BeeOnRope · Answer 2 · 2018-02-26T20:59:30.477

I recently made some tests of the various prefetch flavors while answering another question and my findings were:

The results from using prefetchnta were consistent with the following implementation on Skylake client:

prefetchnta loads values into the L1 and L3 but not the L2 (in fact, it seems the line may be evicted from the L2 if it is already there).
It seems to load the value "normally" into L1, but in a weaker way in L3 such that it is evicted more quickly (e.g., only into a single way in the set, or with its LRU flag set such that it will be the next victim).
prefetchnta, like all other prefetch instructions, use a LFB entry, so they don't really help you get additional parallelism: but the NTA hint can be useful here to avoid L2 and L3 pollution.
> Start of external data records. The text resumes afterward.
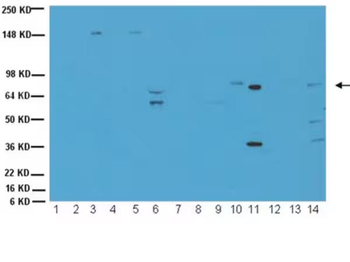 ChAT (Choline Acetyltransferase) Antibody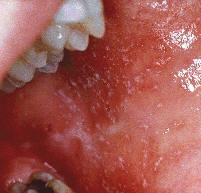 Oj 風疹のコプリック斑 どこにできるか 発赤を伴う粟粒状の水疱 Http T Co 2egq7xtt Oj 風疹のコプリック斑 どこにできるか 発赤を伴う粟粒状の水疱 Http T Co 2egq7xtt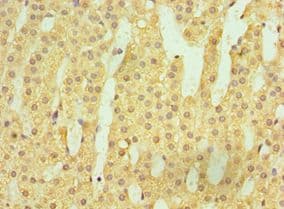HSD11B1 / HSD11B Antibody (aa25-292)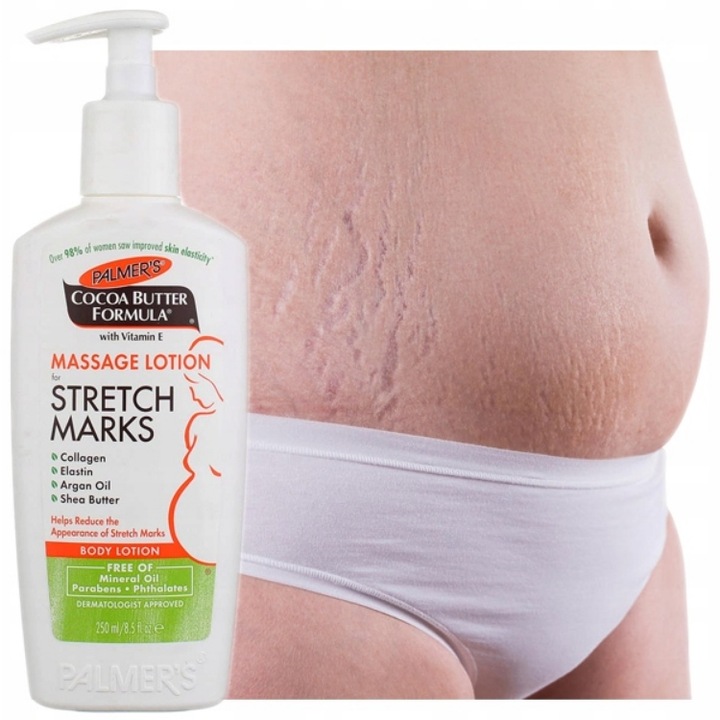 Dobry krem na rozstępy dla nastolatków na plecach brzuchu udach ramionach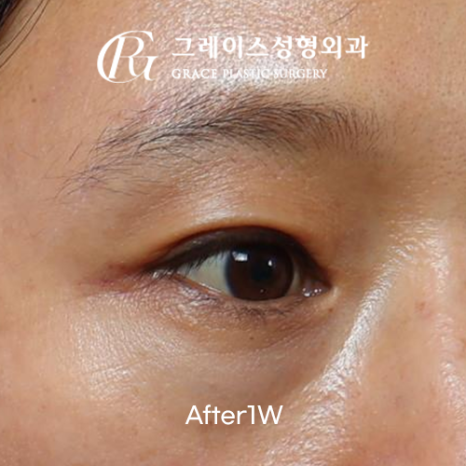꺼진 눈 성형 1주일 붓기 보정 없이 솔직하게 보여드립니다 관련 이미지 3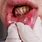 Oral Cancer On Lip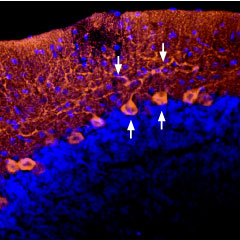 Expression of AGTR1 in rat cerebellum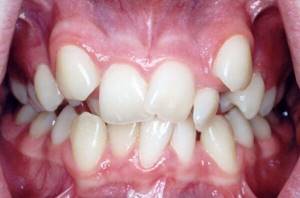 Разновидности дистопии зубов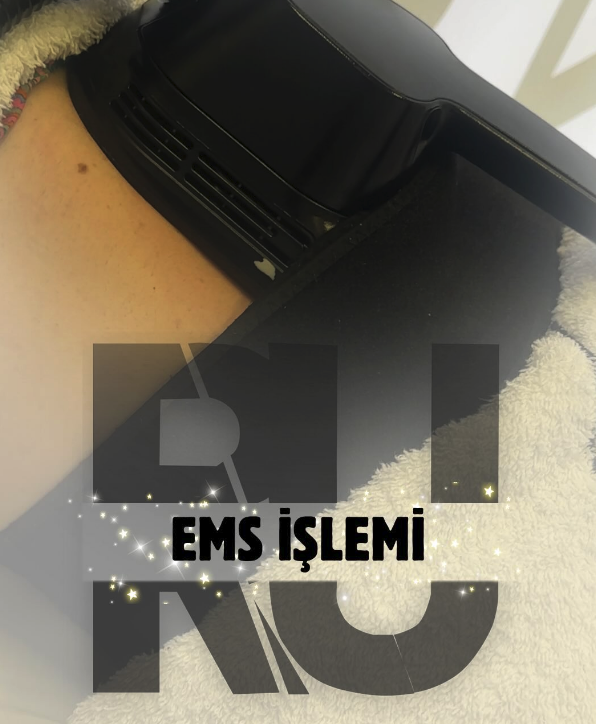 EMS İşlemi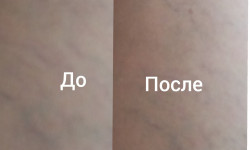 Ederslis- кріогенна процедура для зняття набряковості тіла Косметолог-естетист Светлана Київ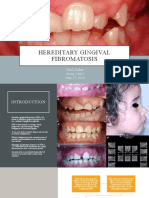 Chahal Paul S1611 HereditaryGingivalFibromatosis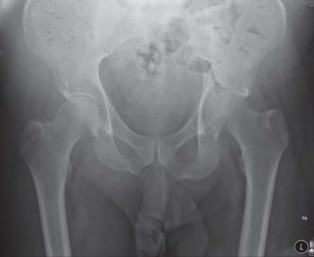 Illustration 64 for Navigating Early THA for Fractures of the Acetabulum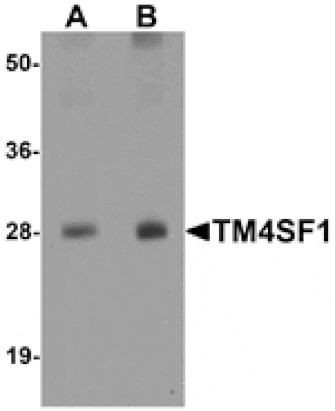 Western blot - TM4SF1 Antibody from Signalway Antibody (25278) - Antibodies.com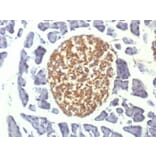 Immunohistochemistry - Anti-Neuron Specific Enolase Antibody [ENO2/1375] (A248434) - Antibodies.com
The current optimization manual (248966-038) claims in a few places that prefetchnta does bring data into the L2, but only in one way out of the set. E.g., in 7.6.2.1 Video Encoder:

The prefetching cache management implemented for the video encoder reduces the memory traffic. The second-level cache pollution reduction is ensured by preventing single-use video frame data from entering the second-level cache. Using a non-temporal PREFETCH (PREFETCHNTA) instruction brings data into only one way of the second-level cache, thus reducing pollution of the second-level cache.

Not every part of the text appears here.